The North Carolina Department of Public Instruction has recently considered a plan to eliminate its usual 11th grade curriculum of American history dating back to the founding period, with an updated post-1877 history. The plan is supposed to make students connect more with modern history, allowing the youth of this great country more of the big picture as opposed to your run of the mill, outdated, boring history class of how we won the Revolutionary War and overcame a civil war … yawn.
Rebecca Garland, chief academic officer for the NCDPI, says that it's all cool though, because students learn American history in middle school, so there's really no need to repeat the whole thing all over again. I know that when I take a class, whether it be in college or high school, I remember everything I learned. So does everyone else. Just walk down the street and ask an unsuspecting citizen who Alexander Hamilton was and what he did, and I'm sure you'll receive a lengthy explanation.
I think there is a bigger problem at hand, which is the way American history is taught in the first place. When you teach the whole history in one year, you wind up covering World War II in two classes and the Reagan administration in half an hour. Another problem is that you have a lot of bad teachers. This is not just true for history classes, but it should be noted that when I was learning American history, teachers made it seem like the U.S. was just preordained to work as it turned out to be, which is not the case at all.
As we all know, history is not scripted; it is constantly being written. There was no guarantee that Washington would miraculously lead troops to victory at the Battle of Trenton, or that we would be able to form a union, despite strong sentiment against the notion, or that the Union would win the Civil War. In fact, if you actually read books on the founding of this country, you will see that the founders, who many history teachers present as agreeing on basic principles, tended to thoroughly dislike and disagree with each other on big issues including the power of the central government, immigration, executive discretion, etc.

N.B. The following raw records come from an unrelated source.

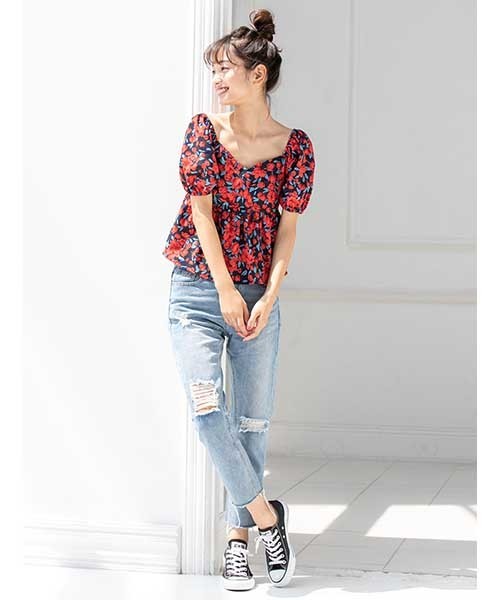 fifth（フィフス）の「カシュクール風フラワーフレアブラウス（シャツ/ブラウス・レディース・イエロー/レッド/パープル・MEDIUM）」の6枚目の写真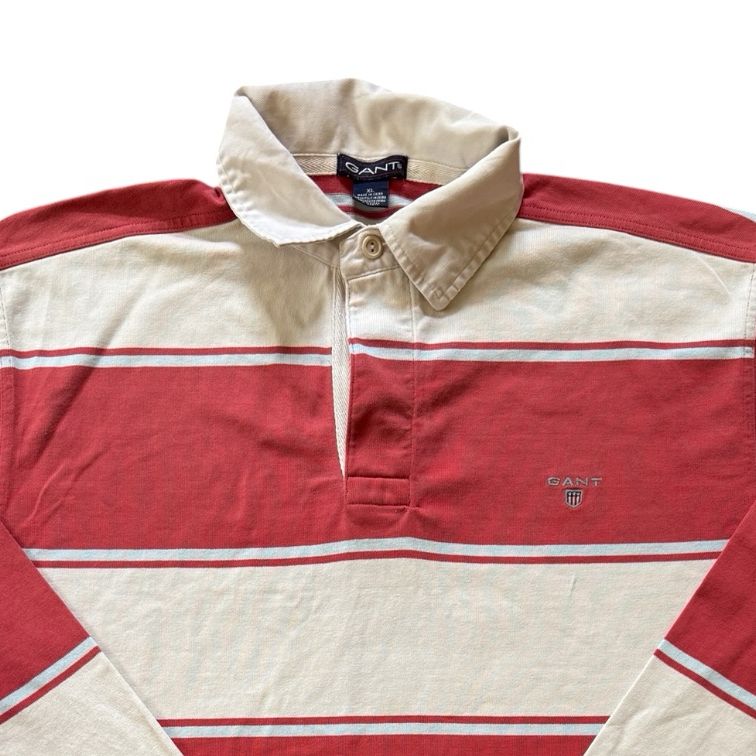 Extra large Gant Red and White Rugby Shirt - repaired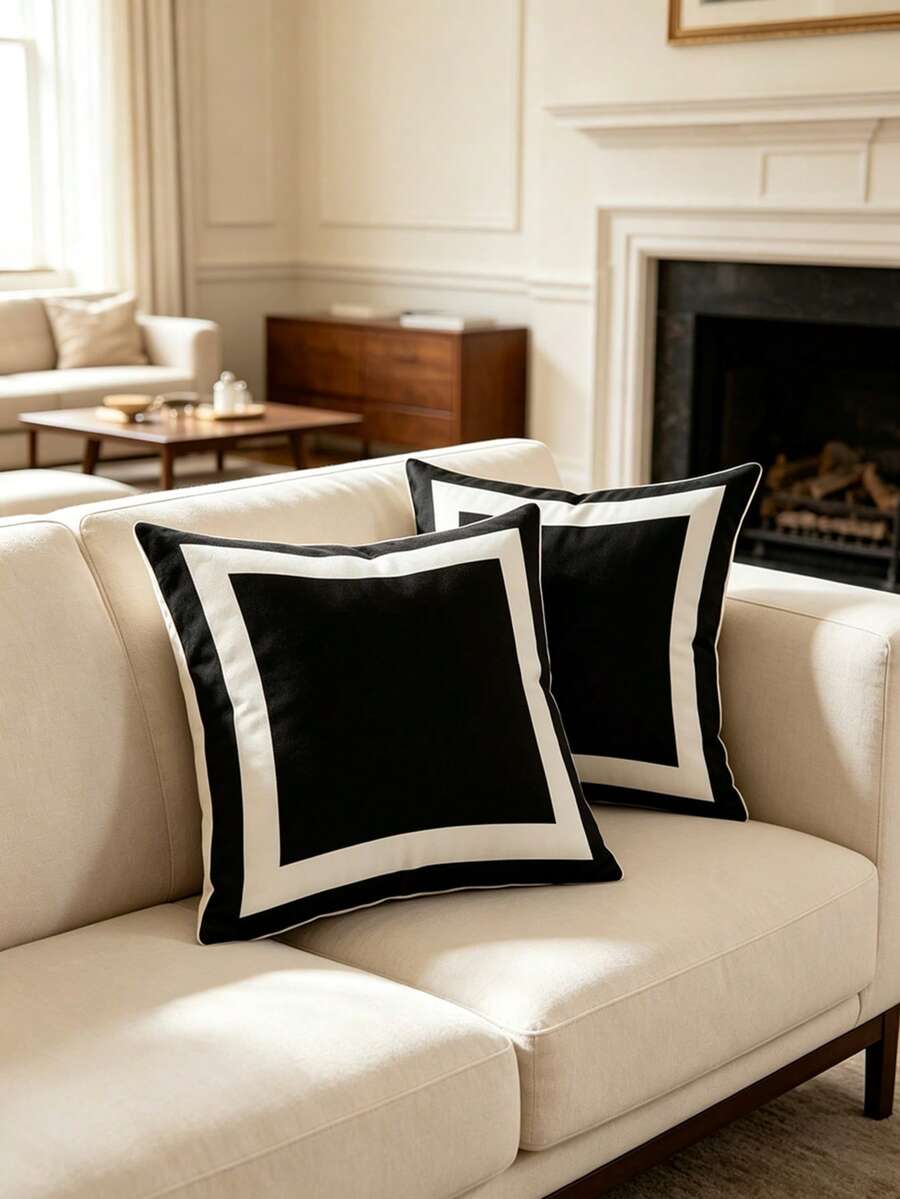 1/2pcs Nordic Style Black & White Geometric Pattern Pillowcase, Zipper Closure, Machine Washable, 45x45cm, Suitable For Living Room, Sofa, Headboard, Car, Etc., Minimalist Decorative Pillowcase, Lightweight Polyester Material, Tassel Cushion Cover, Tassel Throw Pillowcase, Non-Waterproof - Multicolor - View 1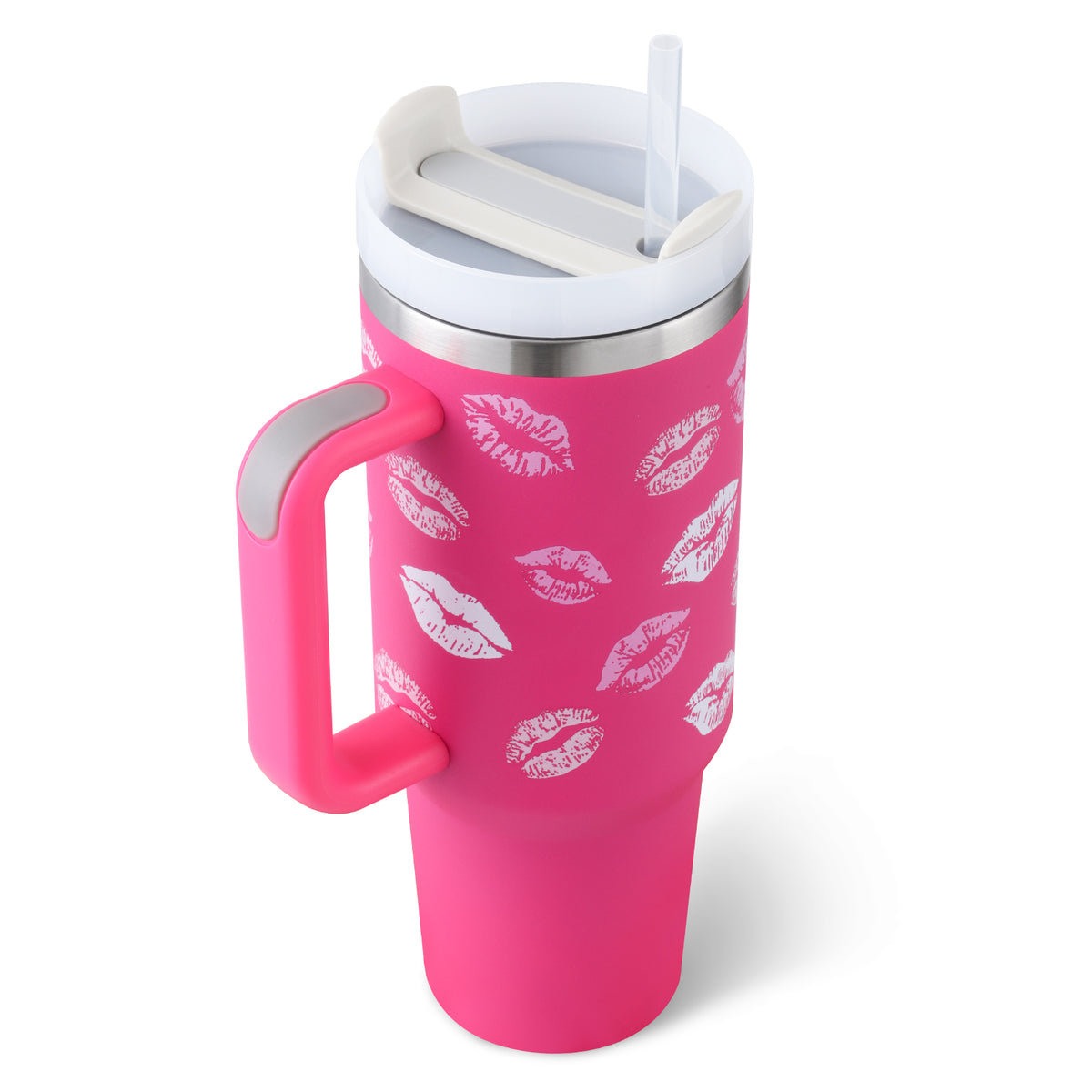 40oz Insulated Tumbler With Handle And Straw, Leakproof Lid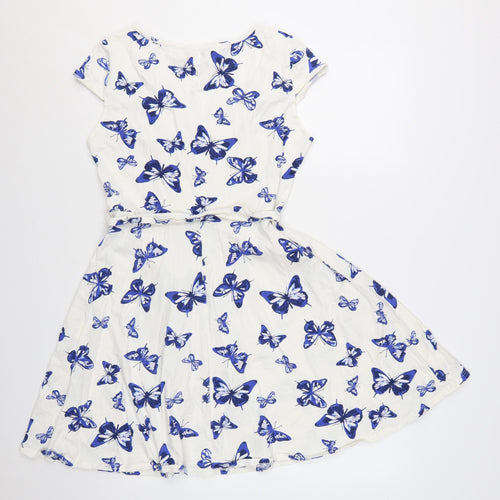 Dorothy Perkins Women’s White Butterfly Knee Length Fit & Flare Dress Size 14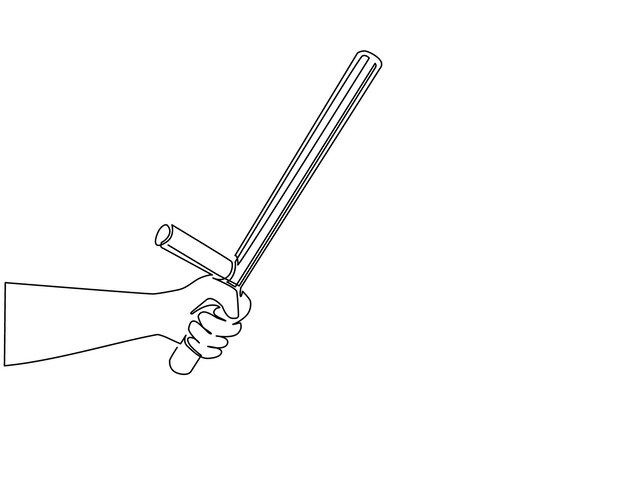 Single one line drawing hand holding police bat Policeman ammunition security rubber baton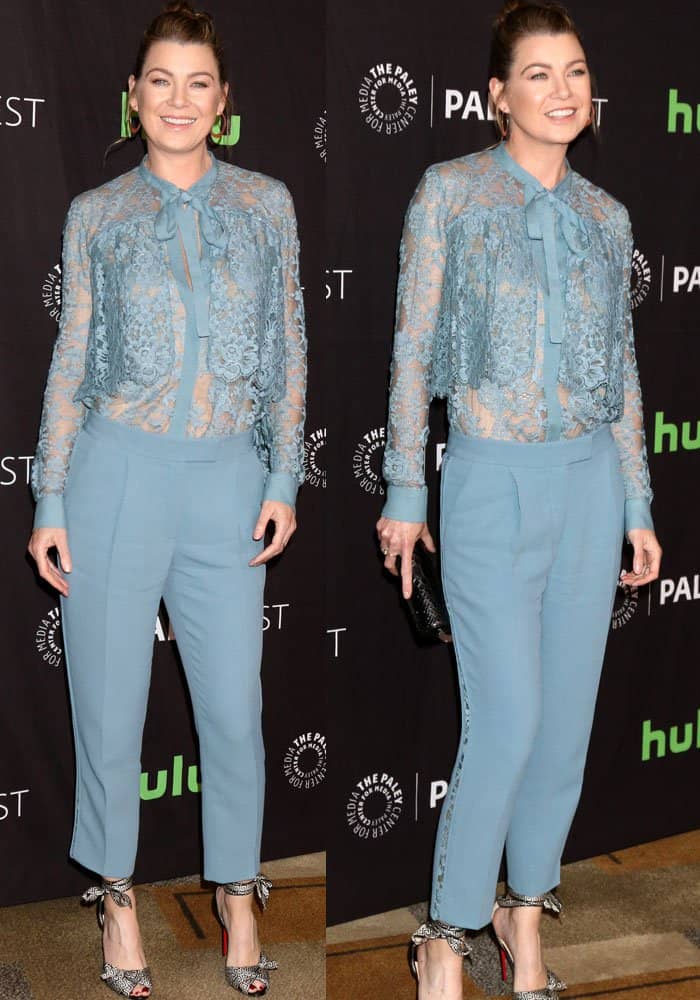 Ellen Pompeo steps out in a lace jumpsuit by Elie Saab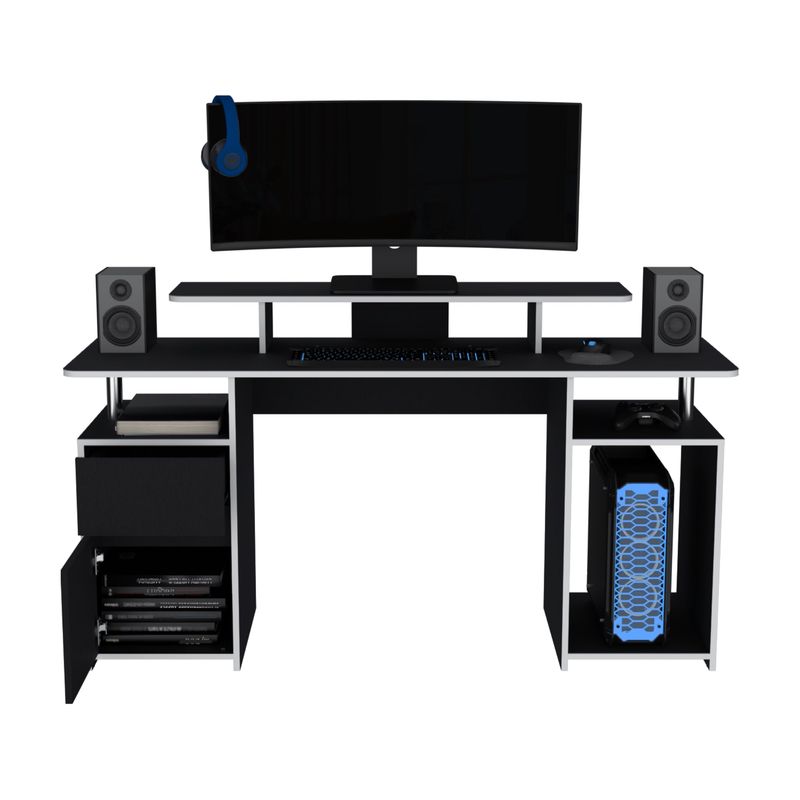 TUHOME - Escritorio Gamer Keria 1 Puerta 1 Cajon Wengue Y Blanco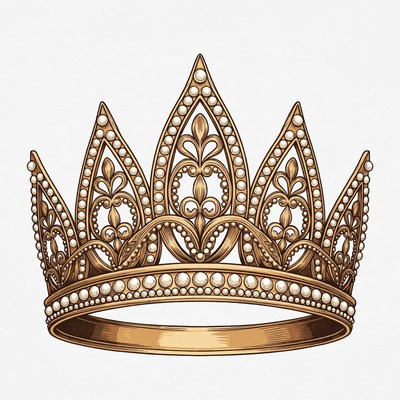 Ornate Golden Crown Illustration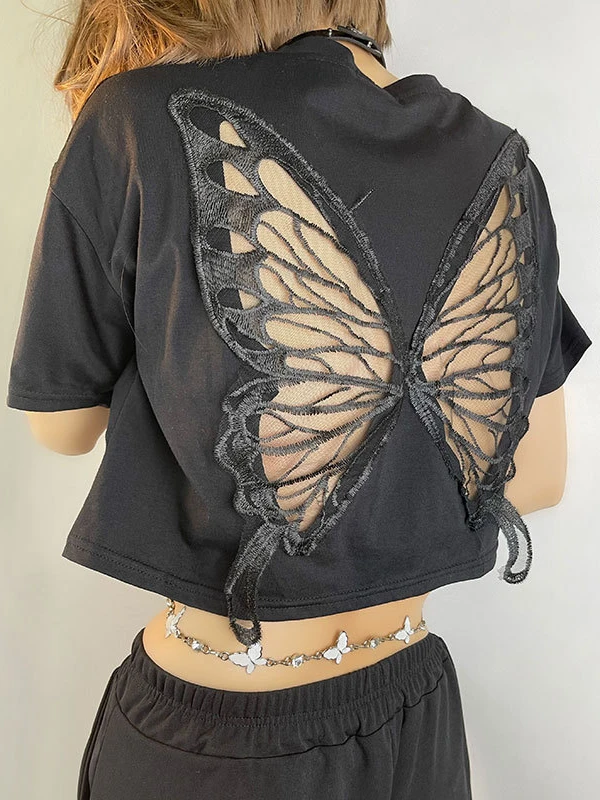 2023 Summer New Sexy Crop Top T-shirt Women Backless Butterfly Lace Hollow Out Y2k Fashion Tee Shirts Ladies Vintage Streetwear
2023 Summer New Sexy Crop Top T-shirt Women Backless Butterfly Lace Hollow Out Y2k Fashion Tee Shirts Ladies Vintage Streetwear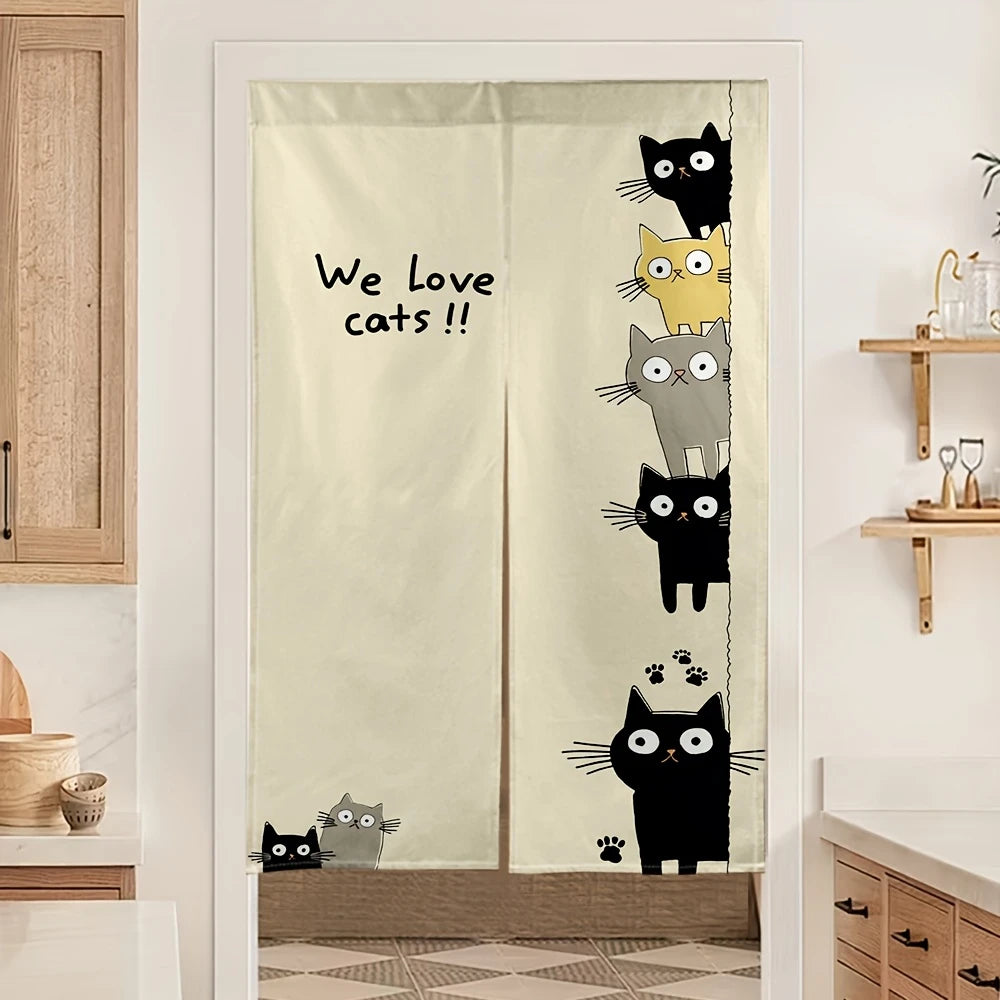 Cortina Japonesa Noren | O Gato que Espreita a sua COZINHA 🐱🇯🇵 80x120cm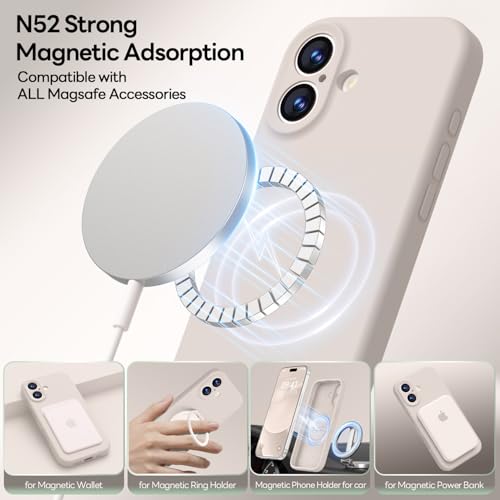 Image of LOVE 3000 Designed for iPhone 17 Case, Premium Silicone [Compatible with Magsafe][Soft Anti-Scratch Microfiber Lining] Shockproof Protective Phone Case for Men Women 6.3 inch, Stone
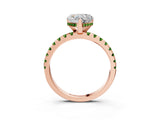 Rose gold Heart Cut Diamond Solitaire Ring with Round with Peridot side stone Pavé Band and Four-Prong Setting_39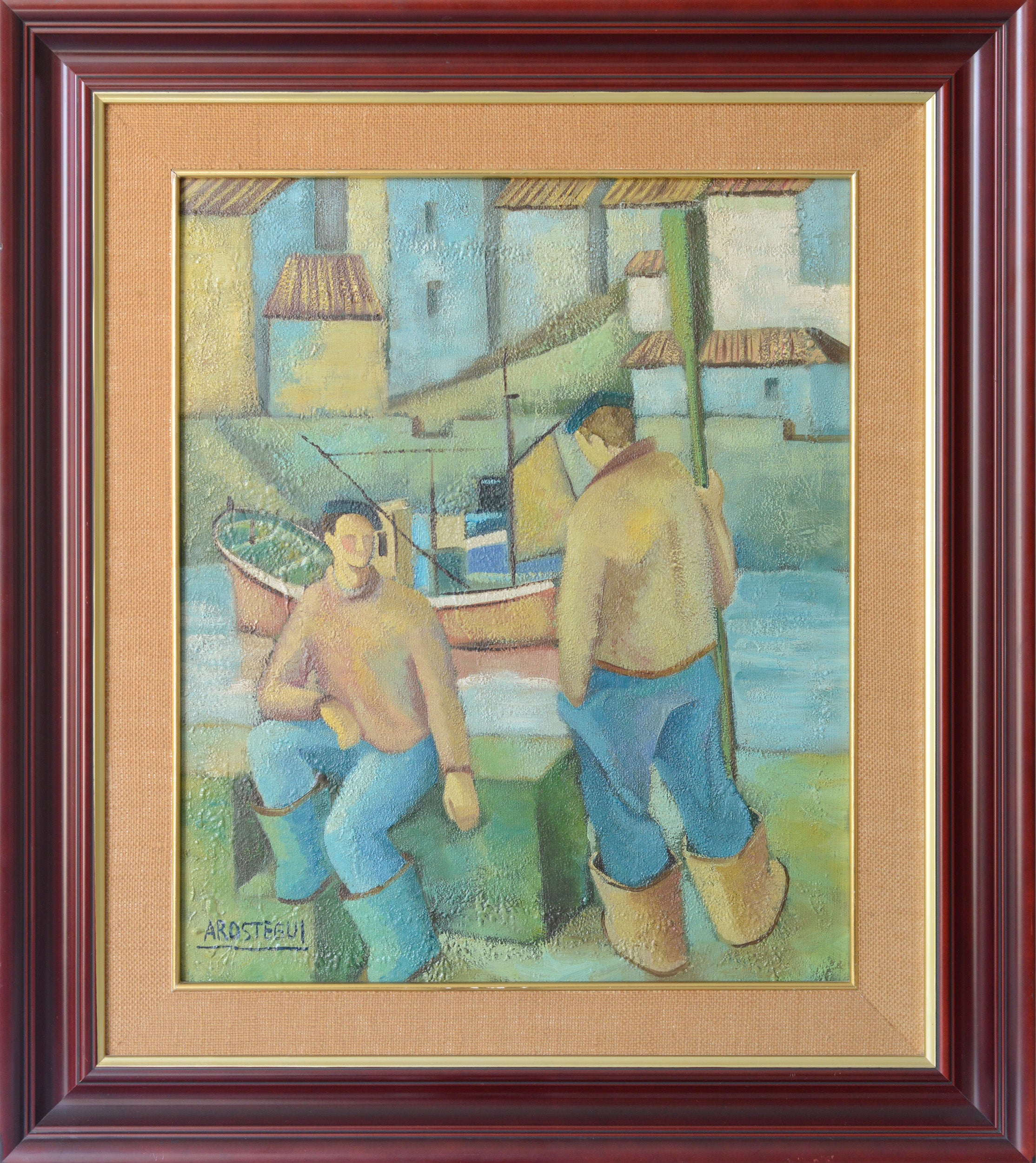 Artwork by José Ramón Arostegui, Two Fishermen, Made of Oil on canvas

I remember a few months ago when someone came up to the microphone at "The People Speak" event that NYU hosted to ask historian Howard Zinn why we have to learn about these "old white people" (in reference to the founders). This is the point of my article where you should be turning on the Battle Hymn of The Republic (pre-1877).
We didn't get to this point overnight and we weren't destined to be here. People put their principles, careers and lives on the line for us to be here. These people were greater men and women than we will ever be. It wasn't a magic trick. Poof: You now have freedom of speech. Poof: You now have the right to be a liberal ignoramus at NYU. It took many messy years for us to enjoy the luxuries we have today and some of the most important years that allowed this to happen took place long before Rutherford B. Hayes. It is my proposal that schools should offer two years, 11th and 12th grade, to cover American history while schools can teach global studies in ninth and 10th grades. This won't solve the problem of people not knowing our country's history, let alone other countries'. This can only be done through better teachers and smarter students.
If American history was taught the way it should be, by adding the dynamism, complexity and infighting that took place during the 18th and 19th centuries, relating colonial America to modern America wouldn't seem as strange to students as teachers make it to be. The problems we face today are just a speck in comparison to what we have gone through as a country and only historical perspective can reinforce this truth. How did we get here and what can we learn from the past in order to apply it to current situations? This is the whole point of learning history. This is why it's important to know it. And this is why it's important to know our own, pre- and post- 1877.